A bill that would codify the rights and benefits of rideshare drivers and other gig workers has made headway in the Washington state legislature over the past month. Currently, the bill has passed the state’s house and has reached the senate for further consideration. Included among the bill’s sponsors are ridesharing companies themselves, as well as Teamsters local 117 and it’s affiliate, Drivers Union.
Bills with similar language have received the interest of state lawmakers across the country over the past year. For example, similar regulatory bills have also been introduced in Massachusetts and New York, though Washington’s has thus far made it the farthest.
Initiatives like the one in Washington do expand the rights and benefits of drivers, including increased pay, an improved appeals system for deactivated drivers, and an expanded workers compensation system.

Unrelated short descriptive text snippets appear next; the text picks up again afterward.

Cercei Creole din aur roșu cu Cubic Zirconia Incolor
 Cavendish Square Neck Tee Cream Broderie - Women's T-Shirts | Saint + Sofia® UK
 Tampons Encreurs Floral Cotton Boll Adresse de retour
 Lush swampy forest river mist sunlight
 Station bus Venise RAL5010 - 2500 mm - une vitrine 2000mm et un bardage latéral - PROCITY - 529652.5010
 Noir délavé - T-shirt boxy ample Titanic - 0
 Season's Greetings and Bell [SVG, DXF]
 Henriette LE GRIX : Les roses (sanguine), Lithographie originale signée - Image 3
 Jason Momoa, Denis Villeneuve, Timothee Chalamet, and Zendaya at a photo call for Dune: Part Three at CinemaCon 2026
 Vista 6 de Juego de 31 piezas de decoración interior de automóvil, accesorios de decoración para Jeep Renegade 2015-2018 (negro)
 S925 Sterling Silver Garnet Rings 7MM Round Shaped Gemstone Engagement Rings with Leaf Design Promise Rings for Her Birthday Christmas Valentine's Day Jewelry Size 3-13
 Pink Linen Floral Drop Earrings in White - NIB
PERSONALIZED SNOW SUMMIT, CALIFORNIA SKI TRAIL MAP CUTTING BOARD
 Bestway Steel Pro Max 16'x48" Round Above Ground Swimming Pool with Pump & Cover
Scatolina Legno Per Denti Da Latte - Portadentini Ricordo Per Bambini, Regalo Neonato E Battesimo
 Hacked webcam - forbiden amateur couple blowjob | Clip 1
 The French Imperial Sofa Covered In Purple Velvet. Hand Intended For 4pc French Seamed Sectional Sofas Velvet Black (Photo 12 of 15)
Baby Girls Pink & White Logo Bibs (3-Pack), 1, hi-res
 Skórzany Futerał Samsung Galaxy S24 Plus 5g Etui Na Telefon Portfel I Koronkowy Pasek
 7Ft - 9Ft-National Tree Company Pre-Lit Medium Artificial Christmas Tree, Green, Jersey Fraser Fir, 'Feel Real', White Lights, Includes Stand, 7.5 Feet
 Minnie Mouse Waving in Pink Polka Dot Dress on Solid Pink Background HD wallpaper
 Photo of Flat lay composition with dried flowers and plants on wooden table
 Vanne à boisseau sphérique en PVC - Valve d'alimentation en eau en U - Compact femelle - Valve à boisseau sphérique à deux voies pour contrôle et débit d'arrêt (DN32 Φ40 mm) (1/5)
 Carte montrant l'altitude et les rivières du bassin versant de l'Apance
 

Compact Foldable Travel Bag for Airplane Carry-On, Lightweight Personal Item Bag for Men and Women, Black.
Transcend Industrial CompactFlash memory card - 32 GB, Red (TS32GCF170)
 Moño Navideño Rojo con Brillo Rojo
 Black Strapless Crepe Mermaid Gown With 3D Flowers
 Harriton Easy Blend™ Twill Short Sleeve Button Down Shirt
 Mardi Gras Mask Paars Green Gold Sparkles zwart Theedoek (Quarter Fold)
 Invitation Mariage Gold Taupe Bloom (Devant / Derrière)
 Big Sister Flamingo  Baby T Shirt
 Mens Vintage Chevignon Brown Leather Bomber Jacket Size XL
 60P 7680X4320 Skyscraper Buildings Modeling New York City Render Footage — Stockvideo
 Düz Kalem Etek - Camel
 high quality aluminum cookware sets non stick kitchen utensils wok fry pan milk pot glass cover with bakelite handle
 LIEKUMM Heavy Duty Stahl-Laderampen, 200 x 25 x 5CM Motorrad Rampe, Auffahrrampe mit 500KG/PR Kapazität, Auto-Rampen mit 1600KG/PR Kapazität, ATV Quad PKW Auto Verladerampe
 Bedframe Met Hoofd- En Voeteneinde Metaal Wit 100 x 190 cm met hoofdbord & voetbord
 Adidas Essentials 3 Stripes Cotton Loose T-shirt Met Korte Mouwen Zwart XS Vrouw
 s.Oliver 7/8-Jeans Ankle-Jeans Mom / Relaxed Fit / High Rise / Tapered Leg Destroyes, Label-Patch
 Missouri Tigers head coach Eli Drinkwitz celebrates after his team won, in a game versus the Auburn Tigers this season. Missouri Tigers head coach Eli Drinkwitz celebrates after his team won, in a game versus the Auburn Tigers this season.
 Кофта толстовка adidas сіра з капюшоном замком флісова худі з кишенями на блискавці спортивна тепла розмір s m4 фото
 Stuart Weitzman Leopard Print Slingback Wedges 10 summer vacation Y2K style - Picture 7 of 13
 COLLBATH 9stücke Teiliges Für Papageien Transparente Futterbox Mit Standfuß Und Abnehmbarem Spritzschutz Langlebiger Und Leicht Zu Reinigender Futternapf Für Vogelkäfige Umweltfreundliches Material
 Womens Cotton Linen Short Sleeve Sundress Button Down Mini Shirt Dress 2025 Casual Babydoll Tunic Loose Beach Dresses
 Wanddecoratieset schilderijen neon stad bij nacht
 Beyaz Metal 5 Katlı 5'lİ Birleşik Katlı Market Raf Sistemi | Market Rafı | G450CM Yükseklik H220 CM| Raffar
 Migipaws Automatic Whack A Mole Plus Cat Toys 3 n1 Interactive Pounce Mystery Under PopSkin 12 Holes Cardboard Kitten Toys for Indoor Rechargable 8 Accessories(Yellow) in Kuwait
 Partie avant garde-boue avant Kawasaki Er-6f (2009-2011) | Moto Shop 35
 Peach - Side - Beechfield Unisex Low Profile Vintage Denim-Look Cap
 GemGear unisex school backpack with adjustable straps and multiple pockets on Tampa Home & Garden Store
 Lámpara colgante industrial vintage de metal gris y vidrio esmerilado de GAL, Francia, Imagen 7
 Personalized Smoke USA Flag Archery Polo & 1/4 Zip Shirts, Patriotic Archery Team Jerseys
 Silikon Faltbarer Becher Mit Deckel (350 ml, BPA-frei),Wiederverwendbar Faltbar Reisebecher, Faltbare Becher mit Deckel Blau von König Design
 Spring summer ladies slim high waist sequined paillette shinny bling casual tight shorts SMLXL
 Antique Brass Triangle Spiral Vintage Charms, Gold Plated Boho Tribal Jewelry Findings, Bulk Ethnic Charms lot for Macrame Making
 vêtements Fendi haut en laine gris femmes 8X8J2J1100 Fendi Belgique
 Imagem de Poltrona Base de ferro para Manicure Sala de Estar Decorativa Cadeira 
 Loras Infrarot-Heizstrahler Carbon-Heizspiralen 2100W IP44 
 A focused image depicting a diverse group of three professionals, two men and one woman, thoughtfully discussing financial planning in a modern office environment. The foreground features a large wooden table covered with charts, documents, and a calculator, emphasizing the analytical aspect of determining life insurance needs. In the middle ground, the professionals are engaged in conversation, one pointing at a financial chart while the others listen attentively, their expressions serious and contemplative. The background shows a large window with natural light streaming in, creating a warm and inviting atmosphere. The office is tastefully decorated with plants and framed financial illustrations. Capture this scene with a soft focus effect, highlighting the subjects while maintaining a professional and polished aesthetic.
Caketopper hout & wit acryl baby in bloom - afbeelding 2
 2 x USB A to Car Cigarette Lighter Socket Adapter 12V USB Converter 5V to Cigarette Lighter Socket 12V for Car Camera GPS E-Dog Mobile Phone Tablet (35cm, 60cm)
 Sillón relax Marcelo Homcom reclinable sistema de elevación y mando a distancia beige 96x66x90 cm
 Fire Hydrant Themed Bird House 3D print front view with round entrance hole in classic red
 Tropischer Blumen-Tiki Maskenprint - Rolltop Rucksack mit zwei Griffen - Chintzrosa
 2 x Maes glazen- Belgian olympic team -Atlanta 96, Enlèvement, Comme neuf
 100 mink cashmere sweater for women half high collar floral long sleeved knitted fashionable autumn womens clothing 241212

However, it notably maintains the workers’ status as independent contractors, rather than reclassifying them as full-or-part-time employees.
A further item that critics of the bill point to is that expanded workers’ comp would only be in effect when a driver is on the way to pick up a passenger or actually has a passenger in the car; the legislation describes these activities as “dispatch platform time” and “passenger platform time” respectively. This would leave workers vulnerable if they get injured between fares, while they are roving and awaiting a new trip request.
Although touting the bill as a reasonable compromise between sides, rideshare and gig logistics companies have gestured towards the threat that, if they don’t get a legislative compromise, they will pursue a ballot initiative in Washington akin to Prop 22 in California. Lyft has put $2 million into a newly formed political action committee, called the Washington Coalition for Independent Work with clones in New York, Illinois, and Massachusetts. It also has the backing of Instacart, DoorDash, and Uber, which have committed to contribute to the PAC.